A scholarship program for qualified students already enrolled in college has distinct advantages over an Annapolis-type institution for Foreign Service candidates alone. While the Wriston proposal calls for an expenditure of two million dollars a year for approximately 750 scholarship grants, that figure is economical compared to the sum that would be required to establish and maintain a separate Foreign Service Academy. The State Department has held that prospective Foreign Service officers can gain as adequate a preparation for a diplomatic career in any of the nation's accredited college as they could in an academy of their own. A scholarship program would tie the Service more firmly to the colleges, with advantages for both, instead to isolating diplomatic training from other areas of education.

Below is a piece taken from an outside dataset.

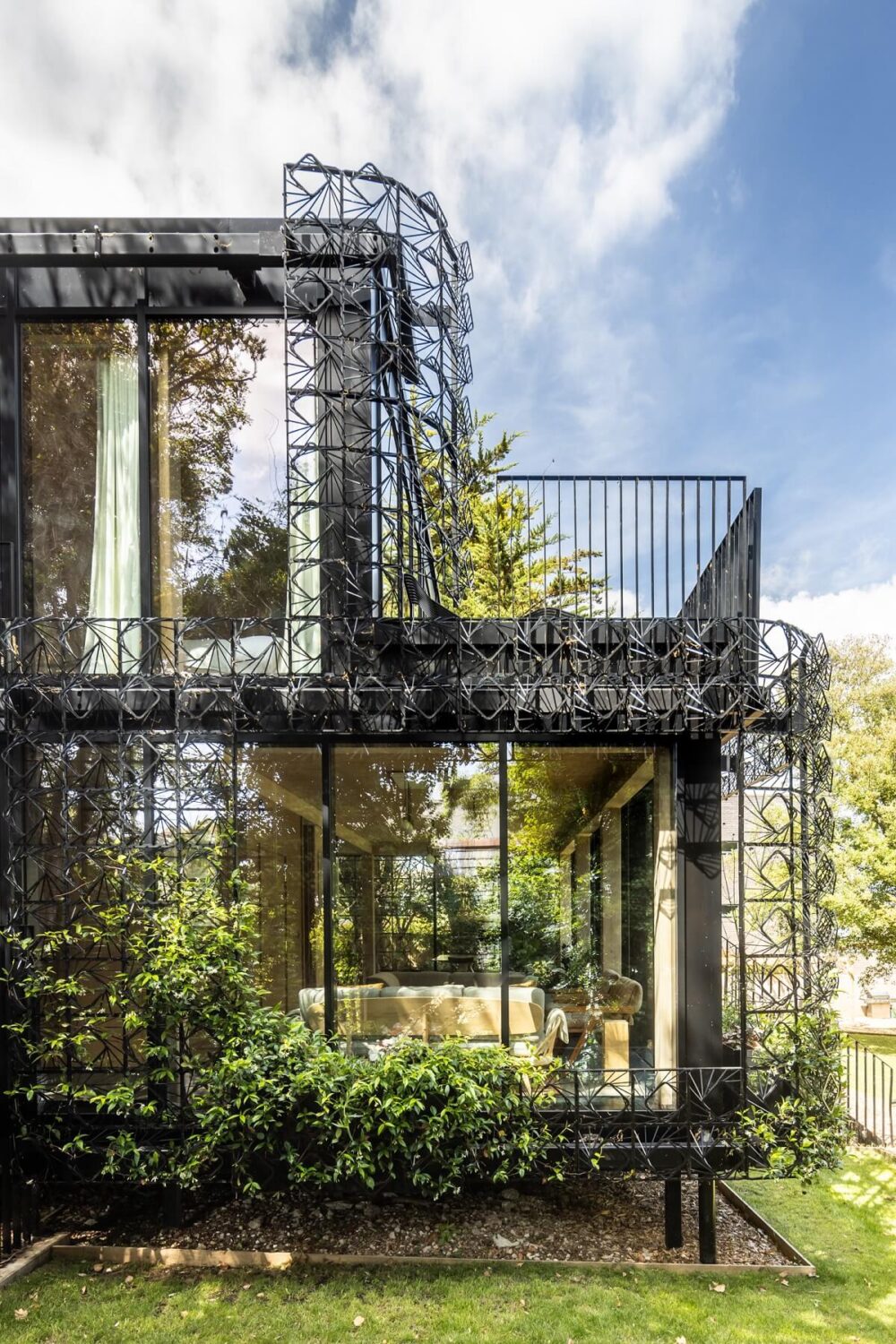 Best of 2023: Outdoor Spaces 34 steel-and-glass-house-england-nordroom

The scholarship plan would close the present gap between the time a prospective candidate graduates from college and the day he actually receives an assignment as effectively as an academy. Foreign Service scholarship holders would be able to dispose of such troublesome incidentals as security clearances while in college and could then pass directly into the Foreign Service on graduation. The scholarship system can also further the State Department's aim of establishing closer contact between the Foreign Service and the population at large, by aiming for diversity among the award-winners.

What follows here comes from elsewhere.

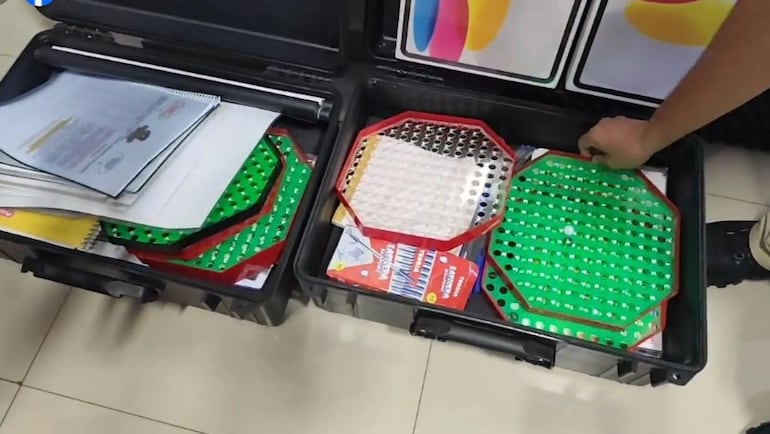 Parte de la evidencia incautada.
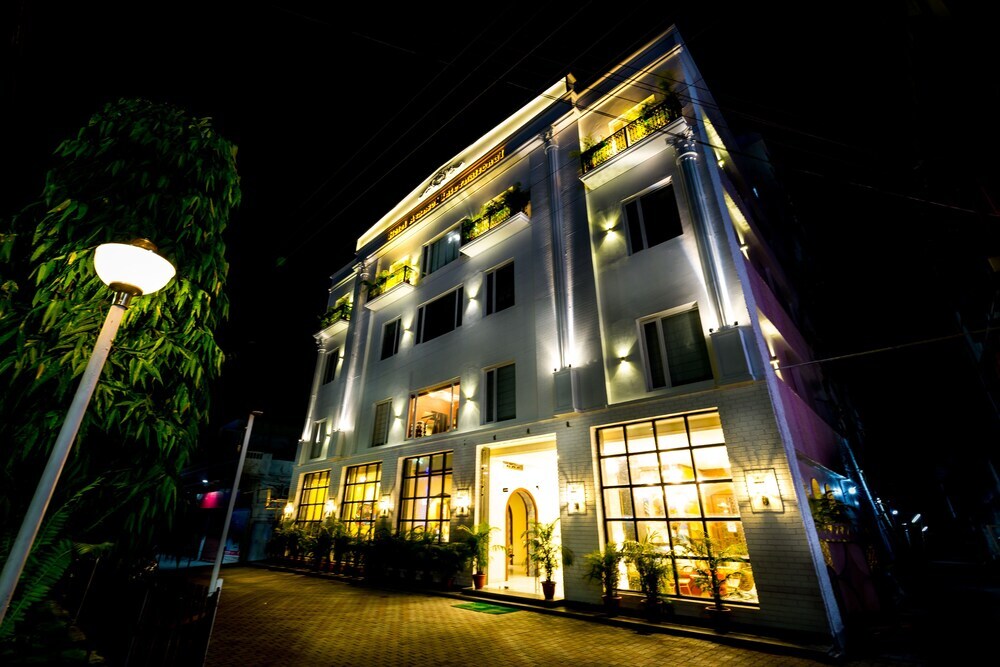 Асансол: Hotel Asansol International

Certain aspects of the original Wriston proposal should perhaps be revised to ensure that the scholarship program accomplishes its objectives. The present plan would give members of Congress the power to make most of the final scholarship selections. A better method might be for a three-men committee in each state, representing the Foreign Service, education, and the public, to choose the scholarship holders, as a minority of the Wriston Committee suggested. Although the Wriston plan would award the grants only to students entering the junior year in college, qualified seniors as well might receive one-year grants. And if a State Department agency is to advise the scholarship holders on their course program, as the Committee suggests, that supervision should be mild enough to allow these students to gain the full educational benefits of their college years. Flexibility should be the keynote of the system. But whatever the details, the State Department should seek authorization for a scholarship program in this session of Congress.